*** AVAILABLE DATA Section Begins ***

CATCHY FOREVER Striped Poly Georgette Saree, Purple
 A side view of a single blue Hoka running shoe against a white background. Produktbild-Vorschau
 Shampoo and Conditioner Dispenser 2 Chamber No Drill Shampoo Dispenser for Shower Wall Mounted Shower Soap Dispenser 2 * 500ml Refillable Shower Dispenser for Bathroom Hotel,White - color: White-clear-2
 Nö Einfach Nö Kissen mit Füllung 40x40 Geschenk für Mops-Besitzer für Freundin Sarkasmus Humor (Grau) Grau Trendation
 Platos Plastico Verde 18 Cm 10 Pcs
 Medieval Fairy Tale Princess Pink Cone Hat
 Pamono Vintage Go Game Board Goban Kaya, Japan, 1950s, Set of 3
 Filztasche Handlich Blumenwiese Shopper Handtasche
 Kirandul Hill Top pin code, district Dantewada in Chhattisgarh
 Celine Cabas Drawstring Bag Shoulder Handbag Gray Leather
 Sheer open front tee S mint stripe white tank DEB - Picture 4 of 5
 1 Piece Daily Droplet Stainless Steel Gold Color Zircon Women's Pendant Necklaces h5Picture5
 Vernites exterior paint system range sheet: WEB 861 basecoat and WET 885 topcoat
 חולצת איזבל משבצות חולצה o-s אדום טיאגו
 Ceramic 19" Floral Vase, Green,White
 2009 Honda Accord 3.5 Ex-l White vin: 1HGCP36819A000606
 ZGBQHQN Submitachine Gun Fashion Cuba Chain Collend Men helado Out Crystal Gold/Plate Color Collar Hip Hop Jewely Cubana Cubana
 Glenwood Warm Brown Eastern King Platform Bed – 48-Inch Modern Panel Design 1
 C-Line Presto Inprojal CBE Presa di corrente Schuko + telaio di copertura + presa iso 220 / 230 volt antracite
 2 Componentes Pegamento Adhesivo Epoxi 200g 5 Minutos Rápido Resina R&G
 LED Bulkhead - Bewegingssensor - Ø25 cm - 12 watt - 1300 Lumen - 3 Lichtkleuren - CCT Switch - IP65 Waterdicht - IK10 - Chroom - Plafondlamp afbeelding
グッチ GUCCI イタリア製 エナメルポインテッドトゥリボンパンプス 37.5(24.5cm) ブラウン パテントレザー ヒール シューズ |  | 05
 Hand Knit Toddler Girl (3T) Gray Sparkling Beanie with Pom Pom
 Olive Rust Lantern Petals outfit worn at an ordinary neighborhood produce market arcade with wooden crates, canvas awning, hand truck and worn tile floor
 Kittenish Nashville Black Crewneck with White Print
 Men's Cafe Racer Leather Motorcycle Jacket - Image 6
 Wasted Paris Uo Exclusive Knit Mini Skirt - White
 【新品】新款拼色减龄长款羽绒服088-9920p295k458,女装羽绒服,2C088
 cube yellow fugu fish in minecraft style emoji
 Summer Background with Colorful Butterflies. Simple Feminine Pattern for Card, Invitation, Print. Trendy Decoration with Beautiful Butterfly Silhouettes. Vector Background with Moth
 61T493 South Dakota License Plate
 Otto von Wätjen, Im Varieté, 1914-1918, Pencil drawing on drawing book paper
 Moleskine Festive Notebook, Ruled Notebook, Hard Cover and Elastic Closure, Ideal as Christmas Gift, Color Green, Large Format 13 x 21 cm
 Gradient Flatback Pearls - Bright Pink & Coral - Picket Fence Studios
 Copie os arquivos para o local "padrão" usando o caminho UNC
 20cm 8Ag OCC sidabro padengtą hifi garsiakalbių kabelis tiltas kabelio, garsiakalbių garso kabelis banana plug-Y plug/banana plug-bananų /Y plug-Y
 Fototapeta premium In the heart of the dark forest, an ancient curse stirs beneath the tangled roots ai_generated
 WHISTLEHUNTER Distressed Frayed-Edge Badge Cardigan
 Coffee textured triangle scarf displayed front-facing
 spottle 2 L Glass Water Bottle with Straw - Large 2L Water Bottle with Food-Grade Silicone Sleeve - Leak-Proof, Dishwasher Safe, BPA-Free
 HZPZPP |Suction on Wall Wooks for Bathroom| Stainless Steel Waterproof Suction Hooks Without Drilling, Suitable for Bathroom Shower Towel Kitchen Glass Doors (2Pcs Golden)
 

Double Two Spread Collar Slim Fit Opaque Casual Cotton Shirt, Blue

*** AVAILABLE DATA Section Ends ***

■ TASK: Could you retype exactly the lines above, starting at the line that contains "Shampoo and Conditioner" and ending at the line that contains "Vernites exterior paint", and nothing more?

■ TASK OUTPUT:
 Shampoo and Conditioner Dispenser 2 Chamber No Drill Shampoo Dispenser for Shower Wall Mounted Shower Soap Dispenser 2 * 500ml Refillable Shower Dispenser for Bathroom Hotel,White - color: White-clear-2
 Nö Einfach Nö Kissen mit Füllung 40x40 Geschenk für Mops-Besitzer für Freundin Sarkasmus Humor (Grau) Grau Trendation
 Platos Plastico Verde 18 Cm 10 Pcs
 Medieval Fairy Tale Princess Pink Cone Hat
 Pamono Vintage Go Game Board Goban Kaya, Japan, 1950s, Set of 3
 Filztasche Handlich Blumenwiese Shopper Handtasche
 Kirandul Hill Top pin code, district Dantewada in Chhattisgarh
 Celine Cabas Drawstring Bag Shoulder Handbag Gray Leather
 Sheer open front tee S mint stripe white tank DEB - Picture 4 of 5
 1 Piece Daily Droplet Stainless Steel Gold Color Zircon Women's Pendant Necklaces h5Picture5
 Vernites exterior paint system range sheet: WEB 861 basecoat and WET 885 topcoat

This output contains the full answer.